Local development — run a scan before opening a PR. The default output is fast and minimal. --verbose adds the full fix plan with dependency paths and prioritized remediation commands. --report opens an interactive HTML dashboard.
CI pipelines — use --fail-on high to gate builds on severity. JSON output (--json) integrates with SIEM, dashboards, and custom automation. SARIF output (--sarif) writes a SARIF 2.1.0 file for direct upload to GitHub Code Scanning — findings appear in the Security tab and annotate PRs.

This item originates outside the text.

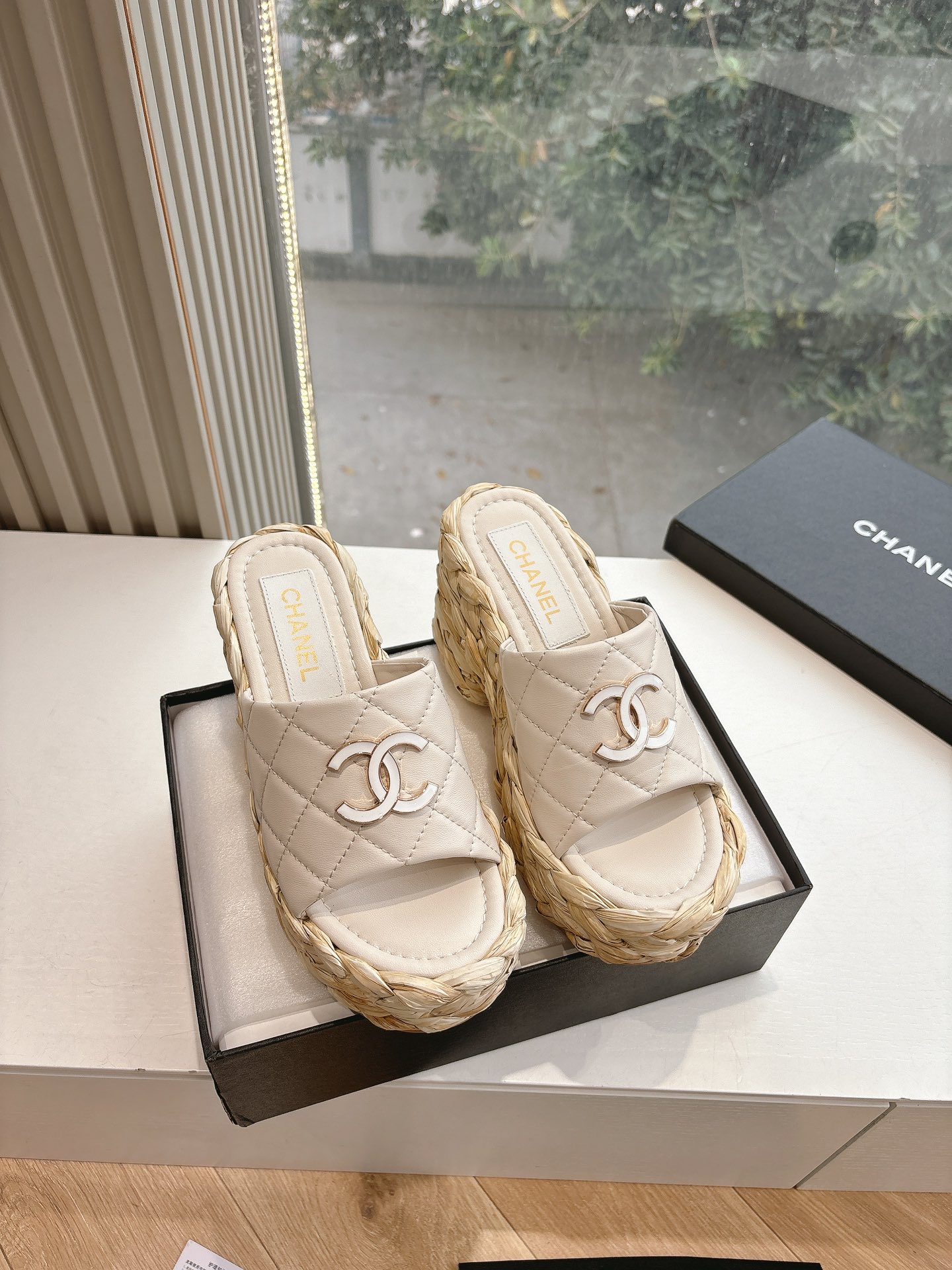 NO:239009,WYSIWYG G030 Top Quality CHANE*25s Small Chanel Heel Heel Rope Chain Sandals Slippers Material Original Sheepskin Weaving Inner Original Sheepskin Outsole Original Sole About 7cm Size: 35-39/(34.40/41 Customized No Return or Exchange), Slippers Sandals, Chanel, Sandals, Slippers, Sheepskin19860909所见即所得G030顶级品质CHANE*25s小香奈儿坡跟麻绳链条凉鞋拖鞋 材质原版羊皮编织 内里原版羊皮 大底原版鞋底 约7cm 码数:35-39/(34.40/41定制不退不换),拖鞋凉鞋,chanel,chanel,sandals,slippers,sheepskin,Women's Shoes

Restricted and enterprise environments — sync the advisory database ahead of time with cve-lite advisories sync, then scan offline with --offline. No runtime outbound calls during the scan. Syncing ~217,065 advisory records completes in under 9 seconds.
GitHub Actions — a first-party action is available on the Marketplace:
- uses: OWASP/cve-lite-cli@v1
with:
verbose: "true"
fail-on: high
sarif: "true"
- name: Upload to GitHub Code Scanning
uses: github/codeql-action/upload-sarif@v4
if: always()
with:
sarif_file: ${{ github.workspace }}
Note:
if: always()is required on the upload step. Without it, the upload is skipped when--fail-onexits non-zero — losing your findings in Code Scanning exactly when they matter most.
CVE Lite CLI scans its own dependencies in CI. See self-scan.yml.
For full CI patterns including offline workflows, git hooks, and scripted automation, see the CI and Workflow Integration guide.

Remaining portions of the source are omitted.